# Processing high karat gold -



## samuel-a (Oct 16, 2011)

http://www.youtube.com/watch?v=Ta6buVzm_Aw - Part 1

http://www.youtube.com/watch?v=6cAHC9WHde0 - Part 2


There are articles attached with each video. 
Hope this demonstration could help someone.


----------



## Geo (Oct 17, 2011)

great videos. thanks Sam. nice roller you have there, my roller is a ball-pin hammer. :lol:


----------



## samuel-a (Oct 17, 2011)

Thank you Geo.



Geo said:


> nice roller you have there, my roller is a ball-pin hammer.



This rolling mill is probably one of the most useful tools in my lab. Got it for around 250$ brand new, + 4 replacement rolls to strech wires, squares and halfs.


----------



## Claudie (Oct 17, 2011)

Great videos! Thanks for posting them.

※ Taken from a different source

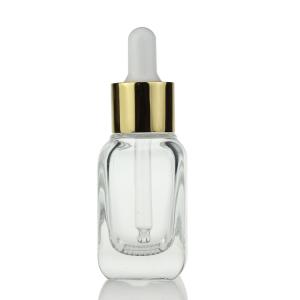 Wholesale Small Serum Glass Bottle 20ML Clear Dropper Mini Containers from china suppliers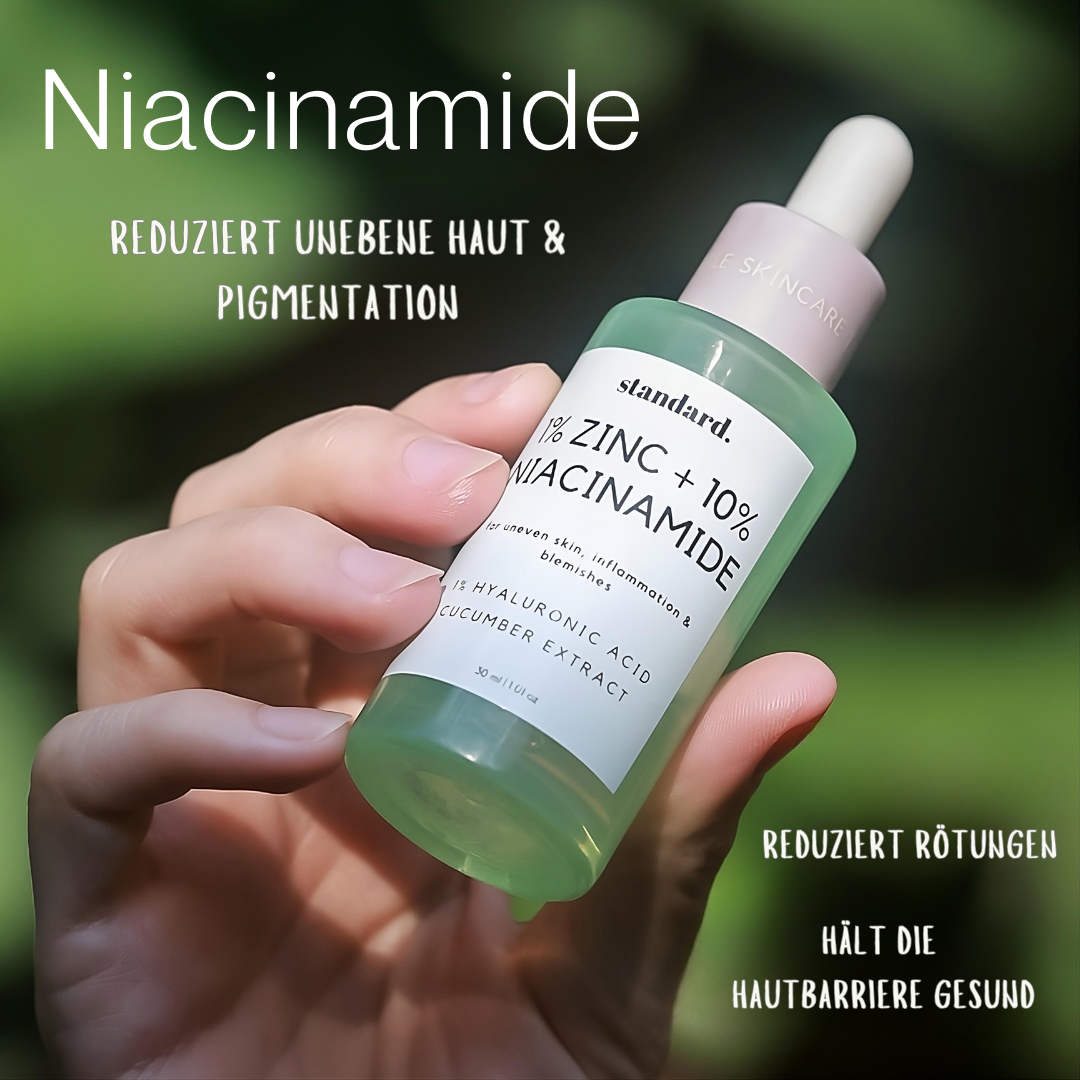 10% Niacinamide in 1% Zink Serum mit 1% Hyaluronsäure & Aloe Vera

Just curious, but why didn't you use a mold?


----------



## samuel-a (Oct 17, 2011)

Basically... it's easier to sell that way.

In form of shots, the buyer can inspect more surface area of the metal and 'feel' the gold better.


----------



## philddreamer (Oct 17, 2011)

Thanks Samuel, very nice.


----------